----- THE INPUT -----

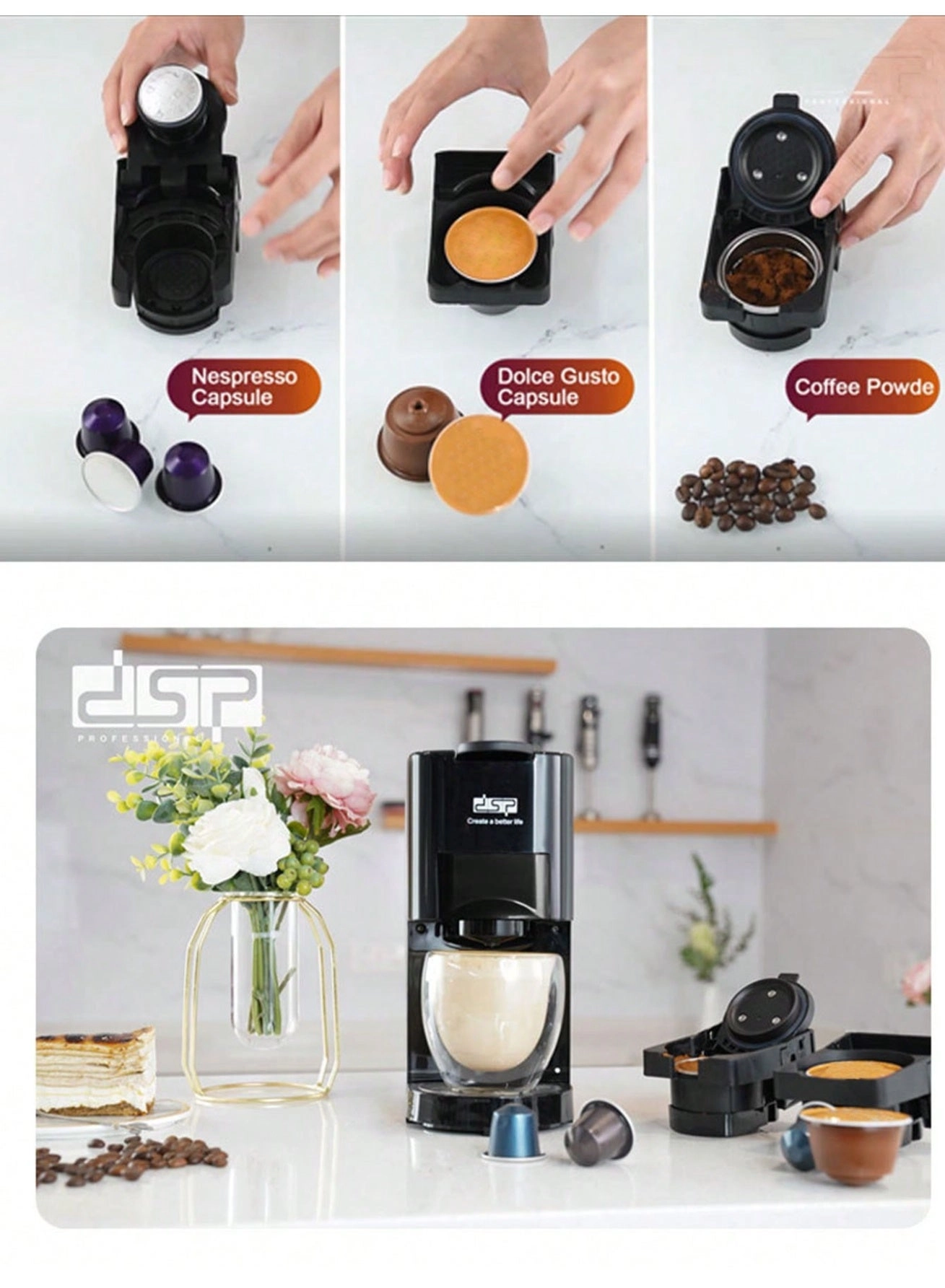 Multi Capsule Coffee Machine KA3046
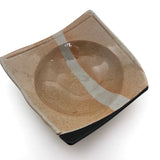 Shallow  Angular Studio Pottery Bowl by Don Williams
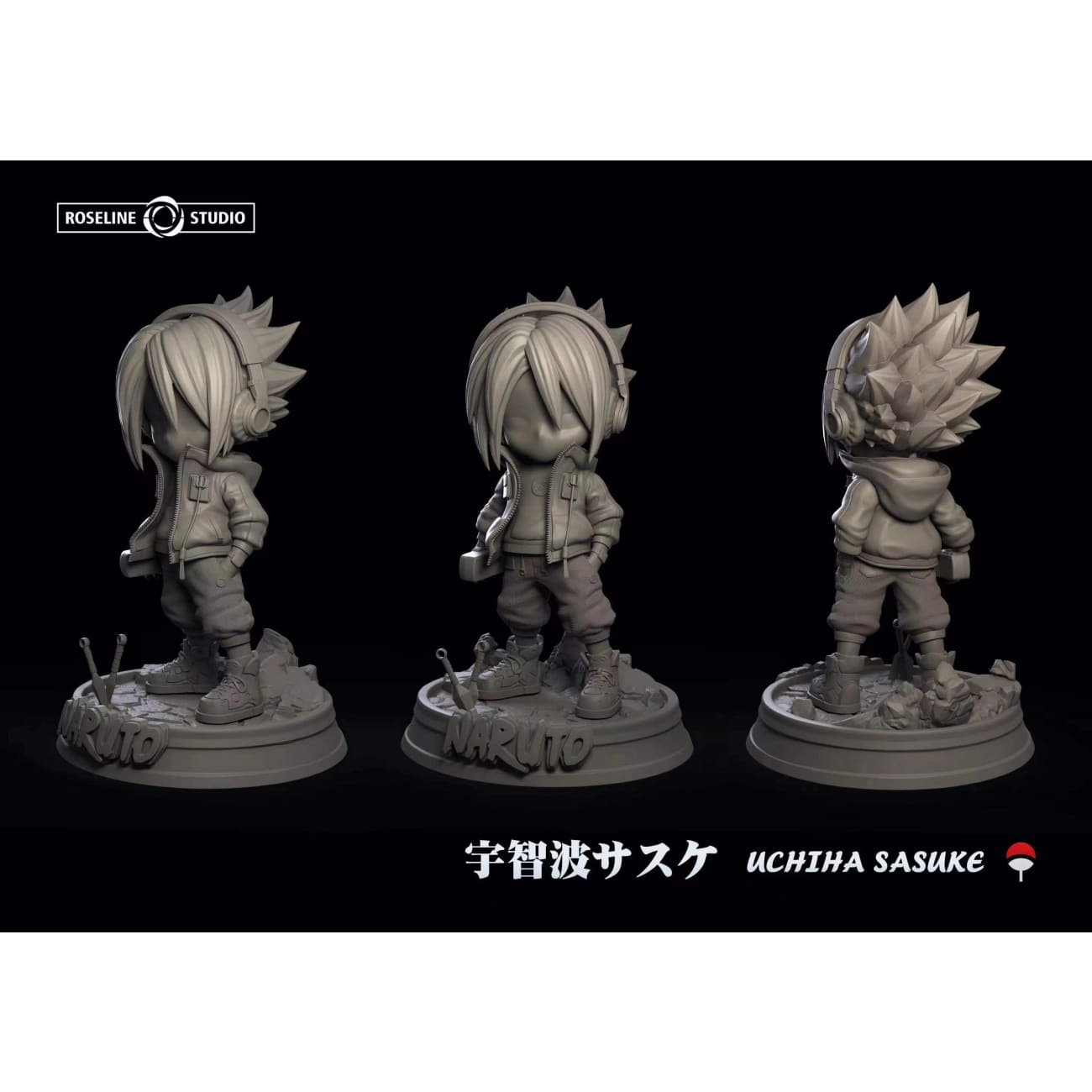 Roseline Studio - Sasuke Uchiha Chibi Ver. [3 Variants]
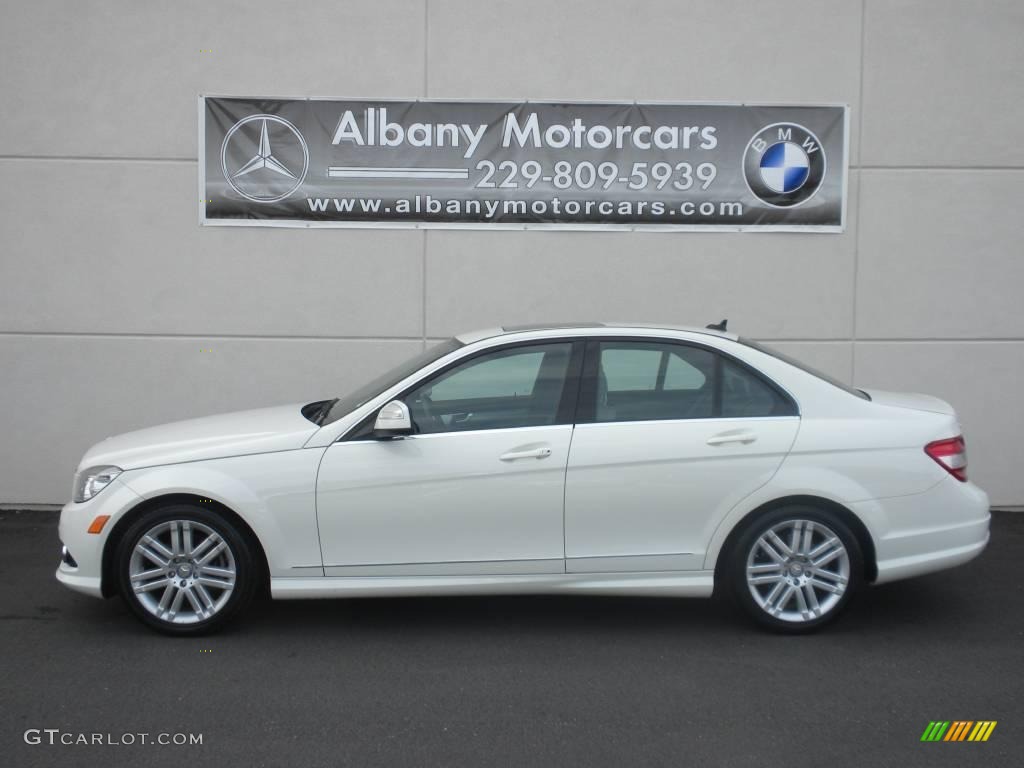 2008 C 300 Sport - Arctic White / Grey/Black photo #1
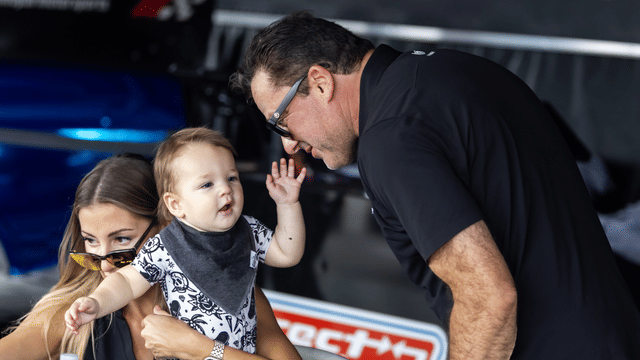 Tony Stewart Opens Up on Embracing Life as a New Dad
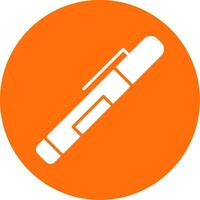 Pen Multi Color Circle Icon vector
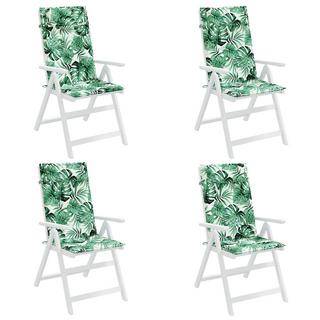 VidaXL Coussin de chaise à dossier haut tissu  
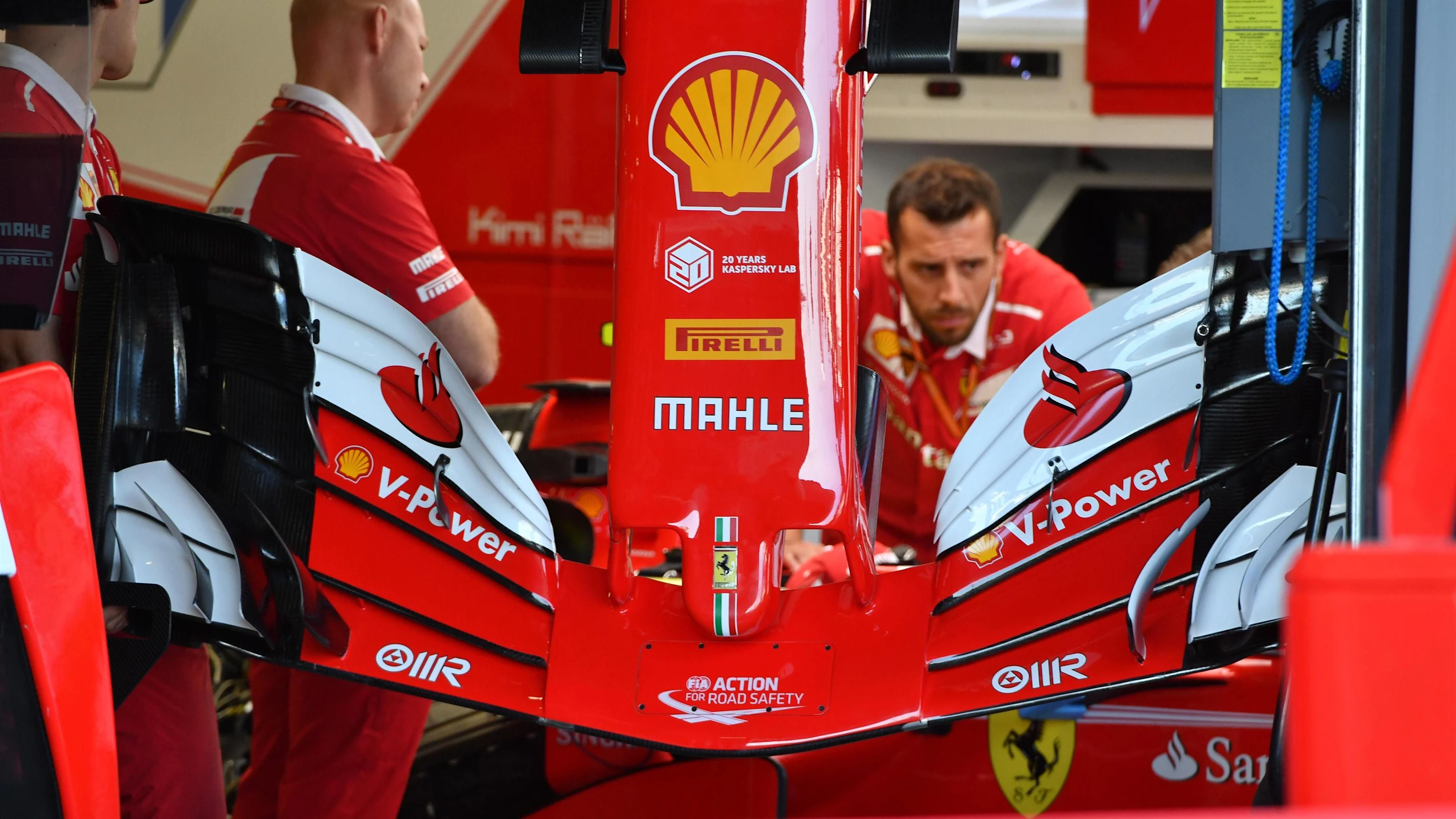 Ferrari SF70-H nose and front wing at Formula One World Championship, Rd8, Azerbaijan Grand Prix,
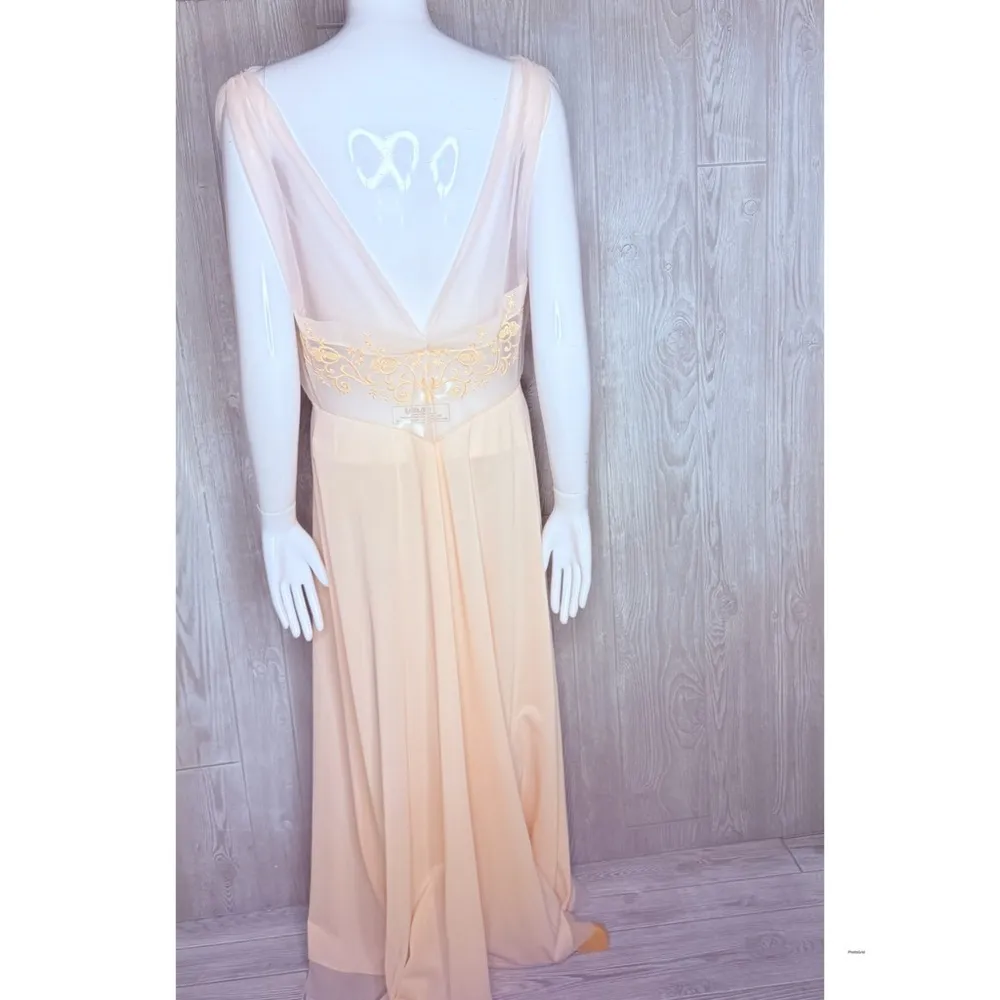 Rare Vintage lace sheer embroidered vanity fair plus size night gown nighty lg - Image 12
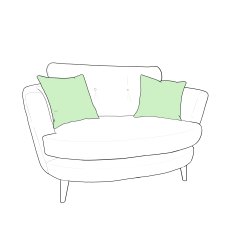 Atlas Oval Cuddler Foam Atlas Oval Cuddler Foam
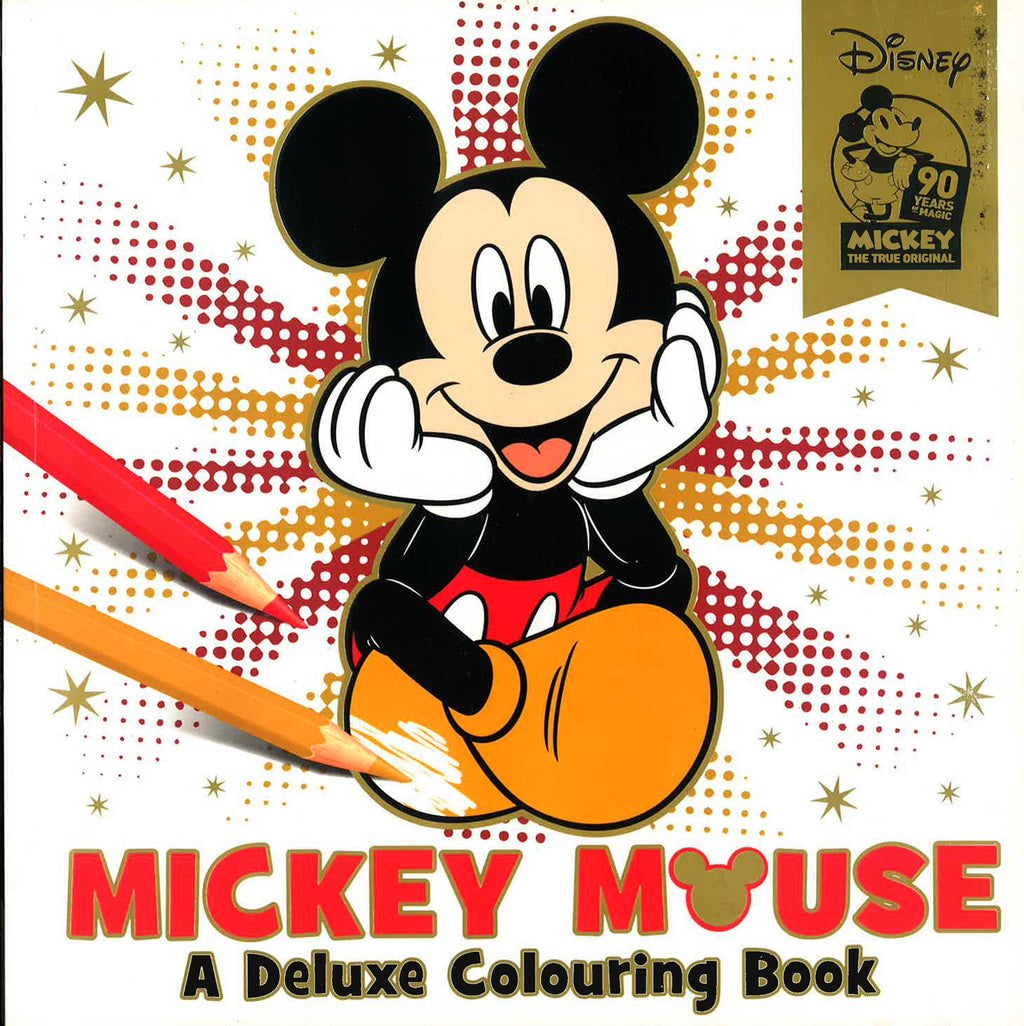 *Colouring Deluxe Disney: Disney Classics Mickey Mouse: Mickey Mouse A Deluxe Colouring Book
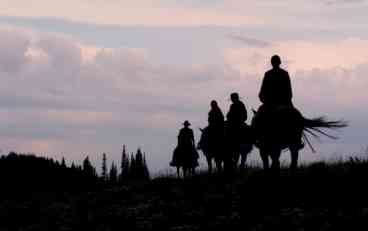 Riding into the Sunset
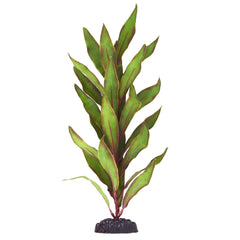 Underwater Treasures Silk Olive Hygro, plante décorative en soie pour un habitat aquatique naturel.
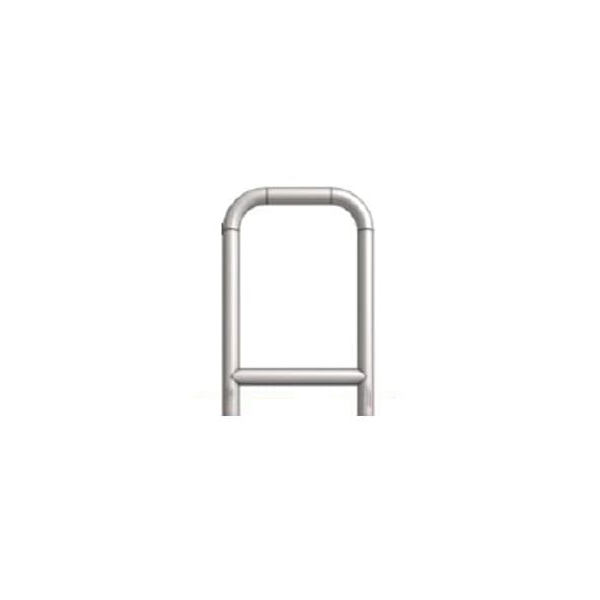 Zaunelement Minimesh für Schutzplanke Standard – Metall, weiß, 380×525×40mm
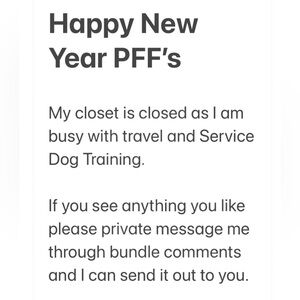 Happy New Year PFFs. Bundle Message Me if you see something you like.
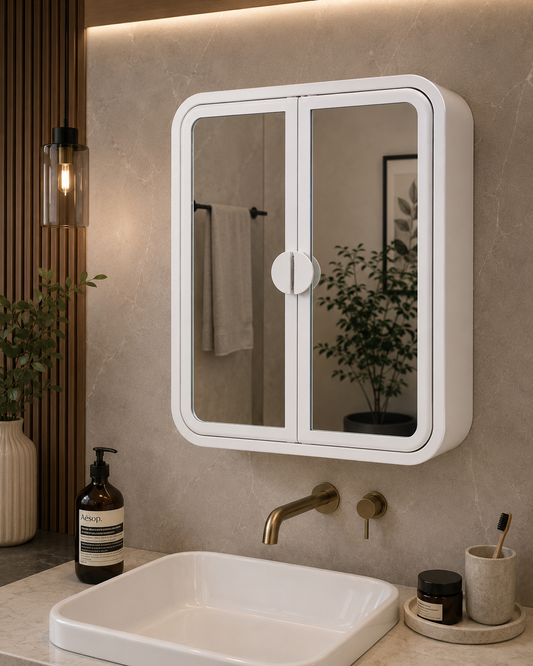 Wall Mounted Bathroom Mirror Cabinet | Modern Storage Cabinet with Mirror Door – Space Saving
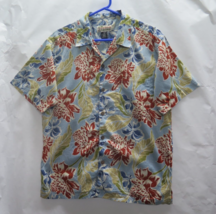 Pataloha VTG 2003 Floral Loop Collar Shirt Mens Patagonia Blue M Hawaiian Rare - £140.44 GBP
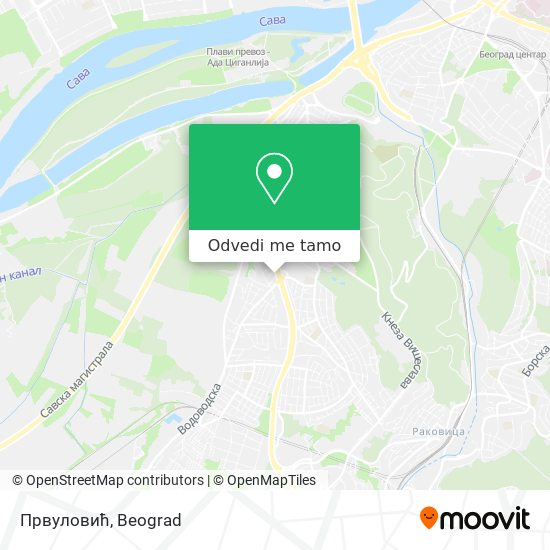 Првуловић mapa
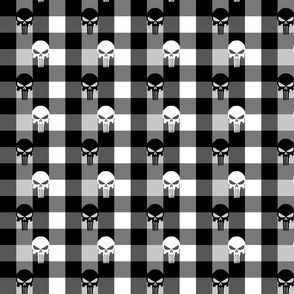 Skull mock plaid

-----

Output must match the lines from the start of the records above through the line that contains "VidaXL Coussin de", exactly and with every picture removed.

FINAL ANSWER =>
 Multi Capsule Coffee Machine KA3046
 Shallow  Angular Studio Pottery Bowl by Don Williams
 Roseline Studio - Sasuke Uchiha Chibi Ver. [3 Variants]
 2008 C 300 Sport - Arctic White / Grey/Black photo #1
 Tony Stewart Opens Up on Embracing Life as a New Dad
 Pen Multi Color Circle Icon vector
 VidaXL Coussin de chaise à dossier haut tissu  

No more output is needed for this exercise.